I wrote a week or so ago that the A4 ain’t that special. I stand by that provocative headline, but the real point was that the magic of effective devices is only partially enabled by the hardware; creative and skilled developers provide the bulk of the experience. That said, an extraordinary component can enable extraordinary devices — it’s clear now, however, that the A4 is not an extraordinary component, so we can safely move on.
The money shot of EETimes’ analysis of the chip is their sum-up at the end:
Despite offering only an optimized version of a standard CPU, the A4 is becoming increasingly important to Apple’s strategy with it appearing now in the iPhone and surely in iPod touches to be released in September—not to mention any future iOS product lines. In all the discussion of CPU identity it would be easy to lose sight of the fact that the A4 is not the offspring of either an integrated semiconductor house or a fabless designer. It is from a mobile devices OEM (sorry Mac).

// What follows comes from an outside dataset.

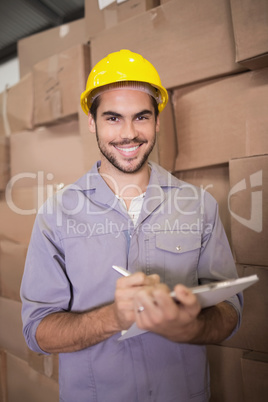 Worker with clipboard in warehouse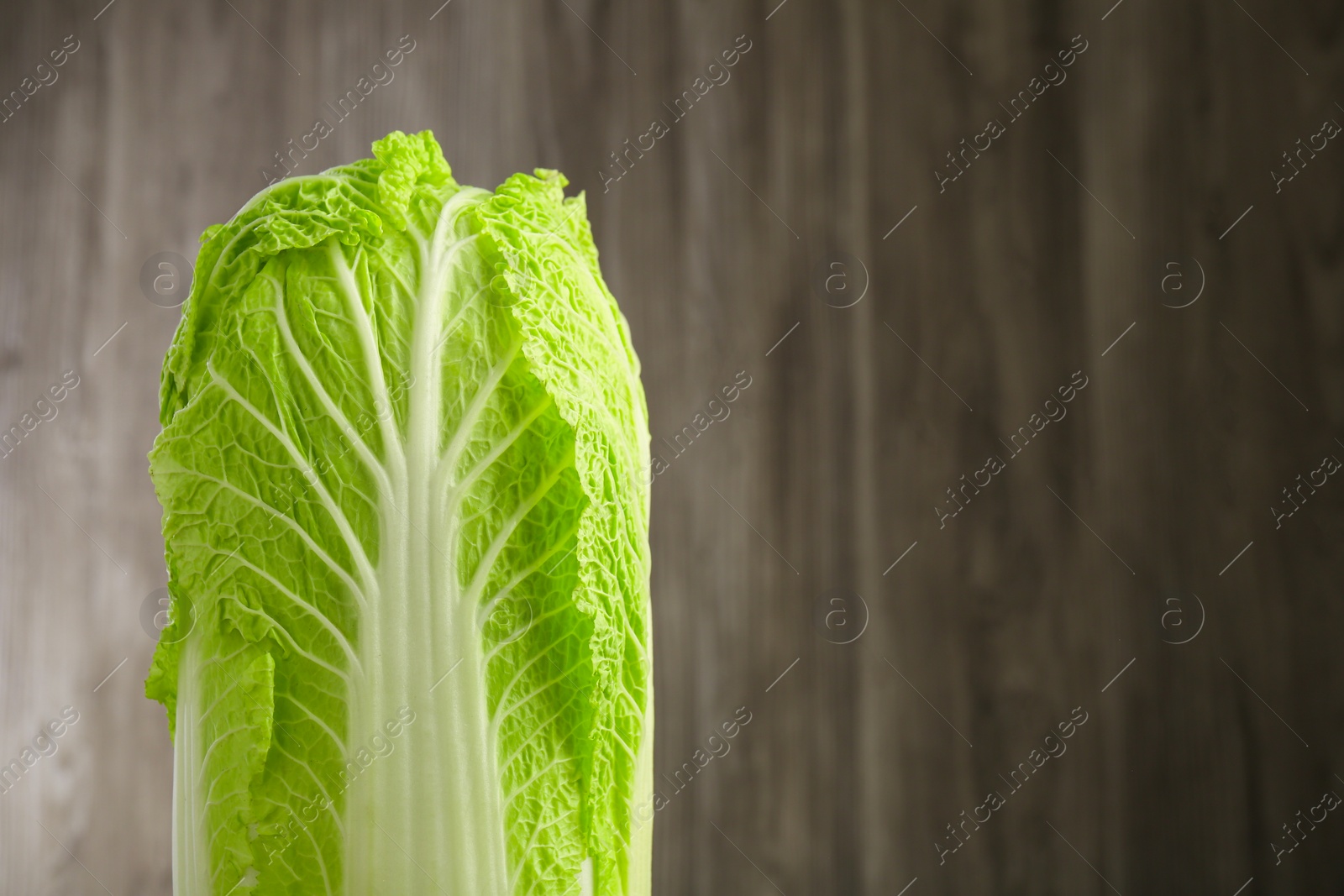 Photo of Fresh ripe Chinese cabbage against blurred background, closeup. Space for text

If you’re interested in the topic, the full article is interesting and quite readable, so give it a read.
So: the A4 is an excellent, optimized, and perfectly capable chip, but the discussion pretty much ends there. It’s stock parts with a custom layout (though part choice is an important factor), but fanboys spouting the idea that Apple is doing something momentous in the semiconductor industry will need to be silenced. As I said in my previous article, give credit where credit’s due: to ARM and the other hardware manufacturers for all the research put into developing these parts, and to Apple for curating a slimmed-down and powerful system-on-a-chip and designing excellent software that makes the best of it.
Now let us never speak of it again. Until the A5.